# best place to buy rocks?



## kousman (Jan 28, 2010)

Where is the best place to buy rocks? 

I normally go to Betz cut stone. what are the best stone yards and such to find Quarts, granite, lava rock and slate


----------



## Topher (Apr 11, 2009)

I have this questions as well. Was at my local stone yards in Hamilton area without success. Where do you guys get your aquascaping rocks?


----------



## Cory (May 2, 2008)

Most of them are moving away from selling smaller amounts of smaller pieces to individuals. Some of the smaller ones still do but they don't seem to like it when you do that either. Didn't used to be that way but the last time I went back a few weeks ago most of the rock that was small enough to be carried away by hand was packaged into metal crates you had to buy as a whole HUGE unit that needs a truck to carry. I'd say if Betz is giving you little pieces and stuff now you should stick with them rather than waste your time elsewhere.


----------



## Topher (Apr 11, 2009)

Thanks for the reply. What are other options save from the LFS?


----------



## vrb th hrb (Feb 20, 2010)

Topher said:


> I have this questions as well. Was at my local stone yards in Hamilton area without success. Where do you guys get your aquascaping rocks?


northern ontario 

lots of slate and nice rounded rocks


----------



## kousman (Jan 28, 2010)

thanks for the reply guys..... I will be running around next weekend looking so I will report back with what I find. 

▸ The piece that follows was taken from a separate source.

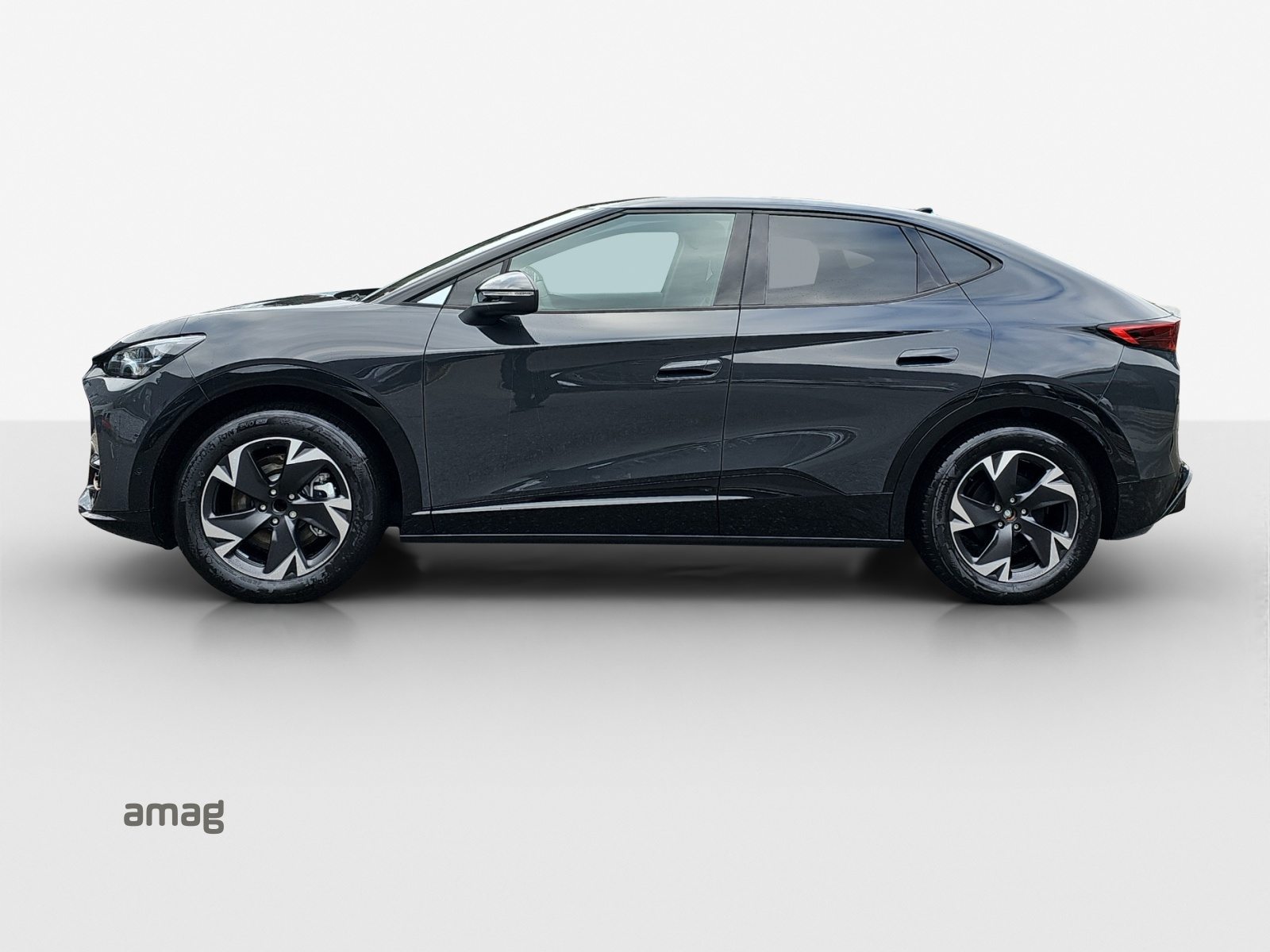 CUPRA TAVASCAN EDGE TYPE 4 77kWh 286PS (netto), Electric, Second hand / Used, Automatic - 2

as far as Betz goes i have not got anything from them for a few years but it seems like that stopped bringing in lava rock


----------



## TJM (Dec 23, 2009)

Found great rounded granite for my malawi tank on the beach (Lake Ontario).


----------



## trailblazer295 (Mar 7, 2010)

There is a quary up in stouville area, called farmer jacks that sells river rocks in bags. $7 or $8 a 70lb bag. Used a lot of them around my pond, nothing loose though that you can only get an armful.


----------



## kousman (Jan 28, 2010)

OK so I found a place called "Arnts Topsoil-The Landscape Supplier". They have a yard in Pickering and Whitby. I stopped at the Pickering location and and picked up 168 lbs of Red Lava Rock at 51 cents a lbs. The one i went to did not have small pieces they only had big rocks about the size of a basketball. I don't mind cause i will chip away some smaller pieces and grind some caves out of some big pieces. I think the guy in the yard said they are not going to bring anymore in because it does not sell too well. So if you are looking for some check them out. the Pickering location had only about 15-20 basketball size rocks left and I am not sure about the Whitby one.


----------



## xr8dride (Feb 24, 2009)

Betz cut stone at Kennedy & Finch carries a good selection of Kingston Weathered Stone..nice looking for cichlid setups.


----------



## kousman_1 (Nov 13, 2010)

*lava rocks*

we headed up to Arnts topsoil the landscape supplier they have 2 locations 2490 Brock road.n. Pickering 905-683-0887 and 4400 halls rd .n Whitby 905-683-9661 they have lava rock if anyone looking as well as other rocks depends what your looking for also slate and river rocks


----------



## BaRoK (Sep 10, 2009)

kousman_1 said:


> we headed up to Arnts topsoil the landscape supplier they have 2 locations 2490 Brock road.n. Pickering 905-683-0887 and 4400 halls rd .n Whitby 905-683-9661 they have lava rock if anyone looking as well as other rocks depends what your looking for also slate and river rocks


Looking for thin slate for my 50 gallon setup.

When you were are Arnts Topsoil, do they have thin slates available?


----------



## kousman_1 (Nov 13, 2010)

they did but you could call ask phone # there they look little big but they may have smaller piece's around


----------